Deze vervaltermijn geldt overigens niet voor vakantiedagen die boven het wettelijk aantal vakantiedagen uitkomen. Het wettelijk aantal vakantiedagen bedraagt vier maal het aantal overeengekomen arbeidsuren per week. Evenmin geldt de vervaltermijn wanneer de werknemer niet in staat was om tijdig vakantiedagen op te nemen. Bijvoorbeeld omdat een werknemer te ziek was om vakantiedagen op te nemen. Of wanneer de werkgever de werknemer niet in staat stelt om vakantie op te nemen. In deze gevallen vervallen de vakantiedagen pas na 5 jaar, na het jaar waarin ze zijn opgebouwd.

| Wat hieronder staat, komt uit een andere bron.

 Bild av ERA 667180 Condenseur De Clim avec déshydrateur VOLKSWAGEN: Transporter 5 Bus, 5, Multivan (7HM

Op 6 november 2018 deed het Europese Hof van Justitie een belangrijke uitspraak over het verval van vakantiedagen. In deze zaak (Max-Planck/Tetsuji Shimizu) maakte een Duitse werknemer aanspraak op betaling van 51 vakantiedagen. Dit deed de werknemer nadat zijn arbeidsovereenkomst op 31 december 2013 was geëindigd. De vakantiedagen waren opgebouwd in 2012 en 2013.
Volgens de Duitse wetgeving vervallen vakantiedagen aan het einde van het jaar waarin ze zijn opgebouwd. De werkgever stelde zich daarom op het standpunt dat zij niet (langer) gehouden was vakantiedagen uit te betalen.
De werknemer betoogde echter dat de werkgever deze vakantiedagen niet mocht laten vervallen. De werkgever had hem immers er niet tijdig op gewezen dat de vakantiedagen zouden komen te vervallen. Om die reden was hij niet in staat was geweest om de vakantiedagen tijdig op te nemen.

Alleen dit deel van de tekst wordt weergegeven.